There are several hierarchical levels to the size scales in the nervous system. When considering the electrode design, it is important to know the size of the target tissue for the electrode. The smallest scale typically considered in present-day electrodes is that of the axon and cell body. The size of a cell body is in the range of 4–50 μm. An axon, if considered as a long uniform, cylindrical tube, has a diameter ranging from about 0.2 μm for unmyelinated fibers to 20 μm for myelinated fibers. The length of an axon, however, is highly variable, depending on its location. In the CNS, axon length is only a few tens of microns to nearly 1 m. In the PNS, axons are generally long, ranging from several centimeters to nearly 1 m. The axon of a motor neuron, for example, extends from the ventral horn of the spinal cord to the muscle. Sensory axons extend from the point of sensation, such as the skin, to the dorsal root ganglion (DRG) and into the dorsal horn of the spinal cord. Cranial nerves extend from their nucleus in the CNS to the end organ. These can range from several centimeters such as the optic nerve (CN II), to nearly 1 m for components of the vagus nerve (CN X). Dendrites are microns in diameter and general only microns in length. Electrodes that target individual axons need to be about the size of an axon or 10s of microns in cross-sectional dimensions.
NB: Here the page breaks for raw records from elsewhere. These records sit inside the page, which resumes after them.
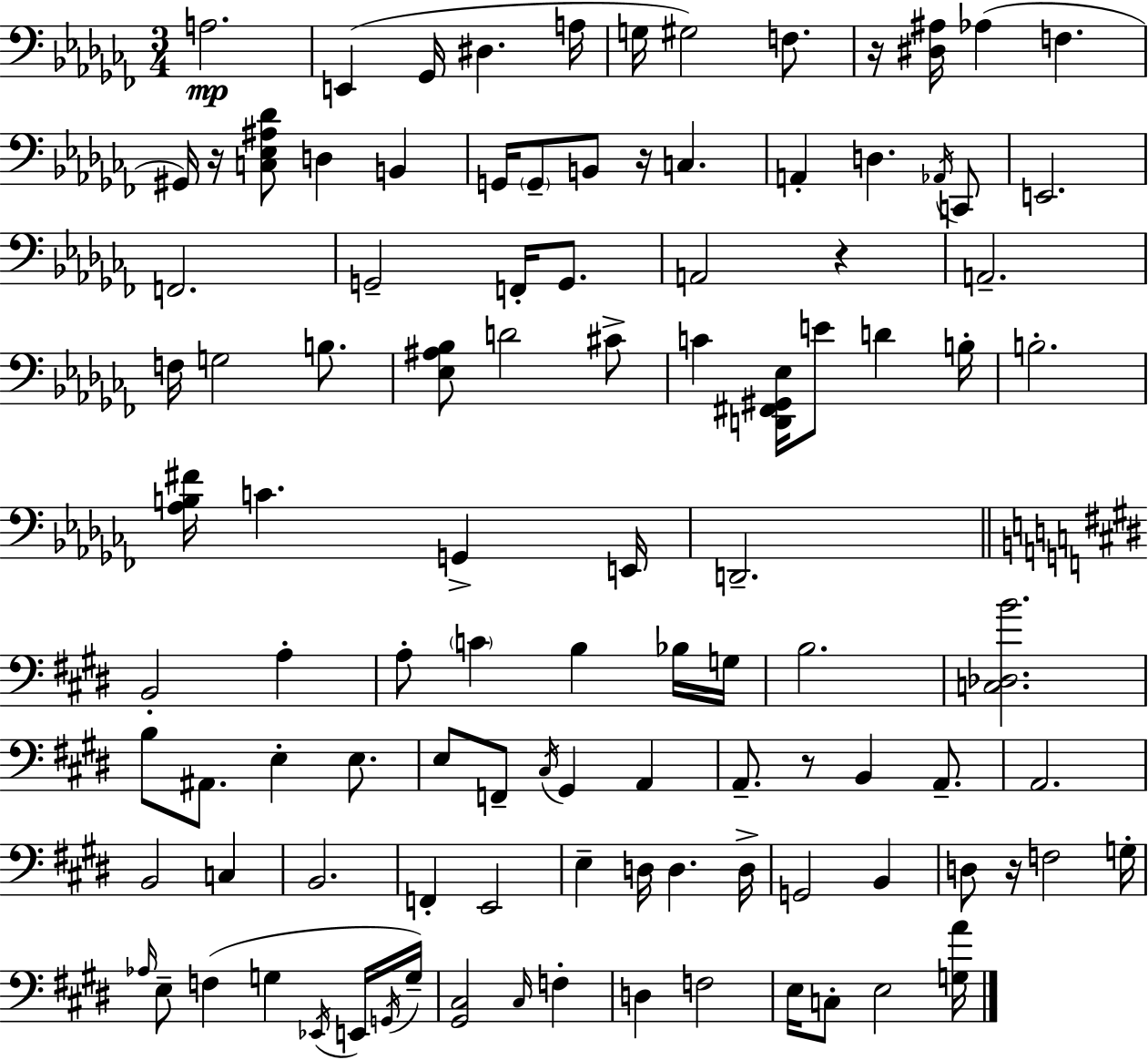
{
  \clef bass
  \numericTimeSignature
  \time 3/4
  \key aes \minor
  a2.\mp | e,4( ges,16 dis4. a16 | g16 gis2) f8. | r16 <dis ais>16 aes4( f4. | \break gis,16) r16 <c ees ais des'>8 d4 b,4 | g,16 \parenthesize g,8-- b,8 r16 c4. | a,4-. d4. \acciaccatura { aes,16 } c,8 | e,2. | \break f,2. | g,2-- f,16-. g,8. | a,2 r4 | a,2.-- | \break f16 g2 b8. | <ees ais bes>8 d'2 cis'8-> | c'4 <d, fis, gis, ees>16 e'8 d'4 | b16-. b2.-. | \break <aes b fis'>16 c'4. g,4-> | e,16 d,2.-- | \bar "||" \break \key e \major b,2-. a4-. | a8-. \parenthesize c'4 b4 bes16 g16 | b2. | <c des b'>2. | \break b8 ais,8. e4-. e8. | e8 f,8-- \acciaccatura { cis16 } gis,4 a,4 | a,8.-- r8 b,4 a,8.-- | a,2. | \break b,2 c4 | b,2. | f,4-. e,2 | e4-- d16 d4. | \break d16-> g,2 b,4 | d8 r16 f2 | g16-. \grace { aes16 } e8-- f4( g4 | \acciaccatura { ees,16 } e,16 \acciaccatura { g,16 } g16--) <gis, cis>2 | \break \grace { cis16 } f4-. d4 f2 | e16 c8-. e2 | <g a'>16 \bar "|."
}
There are many important collections of cell bodies throughout the nervous system. These are called either nuclei or ganglia in the CNS and are called ganglia in the ANS. They are typically ellipsoidal or capsular in shape, are 10s of microns to 1 mm in cross section and can extend several millimeters. In the spinal cord, for example, the nuclei exist in the gray matter of the cord and will extend over several vertebral segments. This provides for multisegmental reflexes and coordination. Electrodes that target nuclei can be larger than those that target individual axons but should be smaller than the target nucleus.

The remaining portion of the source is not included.